◆ Work order ◆
Search the listing below for the word "Photo" and copy each line that holds it.
── Excerpted records
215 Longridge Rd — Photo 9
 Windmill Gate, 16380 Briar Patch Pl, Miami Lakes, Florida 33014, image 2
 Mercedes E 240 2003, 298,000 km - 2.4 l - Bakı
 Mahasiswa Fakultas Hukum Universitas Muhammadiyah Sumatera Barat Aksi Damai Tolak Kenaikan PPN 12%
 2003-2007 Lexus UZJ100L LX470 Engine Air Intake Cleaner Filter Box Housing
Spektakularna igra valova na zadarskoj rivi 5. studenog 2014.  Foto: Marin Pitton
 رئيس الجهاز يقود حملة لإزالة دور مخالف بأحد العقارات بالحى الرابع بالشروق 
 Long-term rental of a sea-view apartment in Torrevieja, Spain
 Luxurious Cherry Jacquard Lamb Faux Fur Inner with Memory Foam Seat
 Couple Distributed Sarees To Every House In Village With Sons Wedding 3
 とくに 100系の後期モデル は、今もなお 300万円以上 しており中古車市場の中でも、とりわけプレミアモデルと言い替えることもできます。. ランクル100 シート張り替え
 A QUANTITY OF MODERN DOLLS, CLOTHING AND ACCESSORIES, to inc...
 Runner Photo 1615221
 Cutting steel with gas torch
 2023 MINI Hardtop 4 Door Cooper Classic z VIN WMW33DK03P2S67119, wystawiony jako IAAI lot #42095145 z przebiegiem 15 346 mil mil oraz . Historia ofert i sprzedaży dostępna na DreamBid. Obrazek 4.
────
◆ Answer for the task ◆
215 Longridge Rd — Photo 9
 Runner Photo 1615221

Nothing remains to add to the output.